Din insanlığın varoluşuyla yaşıt olan insanın hayatını düzenleyen, belirli ahlaki kurallar çerçevesinde yaşamasını ve kendi acizliğini bilmesini sağlayan, bununla birlikte sonu olan bu dünyada sonsuzluk uğruna çabalamayı ve gerektiğinde bir şeyleri feda etmeyi öğreten bir unsurdur.

Yeryüzünde onlarca hatta yüzlerce dini inanç mevcuttur. Bu inançlar bölgesel olarak farklılık göstermekle beraber birbirine yakın ve benzeyen türleri de mevcuttur.

Geçmiş tarihlerden itibaren birçok düşünür, filozof ve felsefeci din unsuru üzerinde birçok yazı yayınlamış ve dinin insanları baskılamak için kullanıldığını ve bir uyuşturucu olduğunu belirtmişlerdir.

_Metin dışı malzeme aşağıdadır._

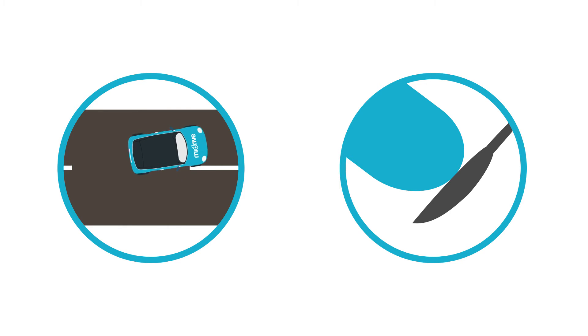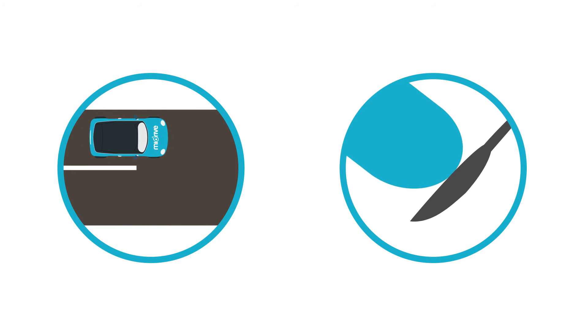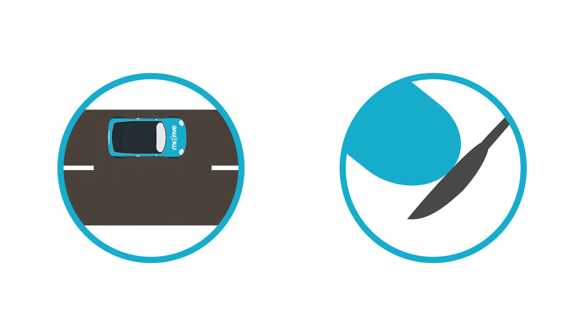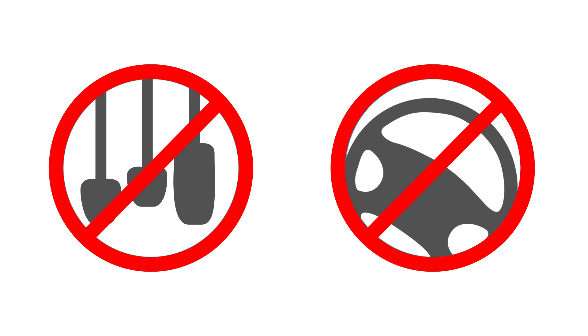If this happens, don't panic. Just keep a firm grip on the steering wheel and steadily ease off the accelerator. Avoid braking or steering, since this may cause you to lose control of the car entirely.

Bunun aksine dinin hayatı düzenlediğine insanların kendi haline bırakılmış ve kendiliğinden oluşmuş bir canlı türü olmadığını, insanların sınırlarını aşmasını, bir şey için adanmış bir ömrün, insanı güvende tuttuğuna ve öz güvenini arttırdığı düşüncesini ortaya atan, dini bir inanca sahip olan birçok düşünür, filozof ve felsefeci olmuştur.

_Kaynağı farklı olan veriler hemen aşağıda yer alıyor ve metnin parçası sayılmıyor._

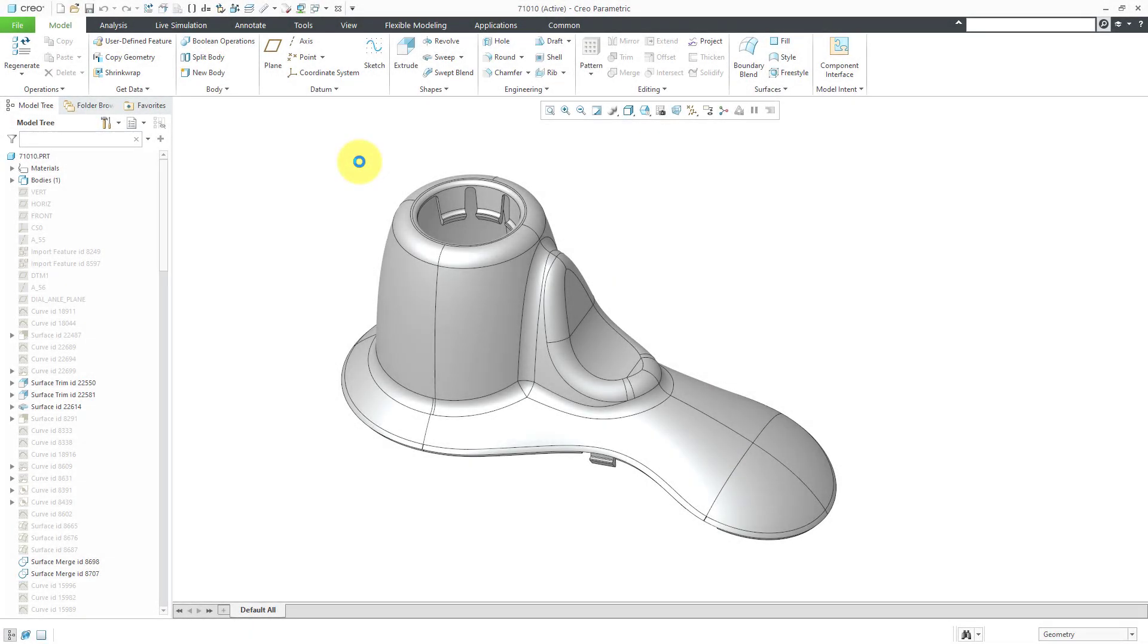In Creo Parametric, you can perform mold design. That's coming up with the manufacturing components necessary to create a component using an injection molding process.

Din yavana atılmayacak kadar üzerinde dikkat edilmesi gereken bir unsurdur. Dinin başkaları tarafından olduğundan farklı olarak bir çıkar uğruna kullanılması insanların sömürülmesine ve bu dünyadan tamamen soyutlanmasına neden olabilir.

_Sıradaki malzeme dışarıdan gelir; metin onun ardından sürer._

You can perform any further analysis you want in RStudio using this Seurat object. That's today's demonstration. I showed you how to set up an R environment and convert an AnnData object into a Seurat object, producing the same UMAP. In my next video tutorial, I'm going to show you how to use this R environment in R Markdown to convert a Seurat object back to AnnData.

Yukarıda bahsettiğimiz dini kendi çıkarları için kullanmak ibaresini tarihin birçok kesitinde sahih kaynaklarda rahatlıkla görebiliriz. Dönemin hükümdarları ile din adamları birlikte din adı altında çalışarak toplumu sömürmekle beraber insanlığı tabakalı bir sistemde toplayarak kendi aralarında bir üstünlük ve düşüklük seviyesi oluşturmuşlardır. Durum bu ya en başa da kendilerini ve dini, insanları sömürmek için kullanan din adamlarını oturtmuşlardır.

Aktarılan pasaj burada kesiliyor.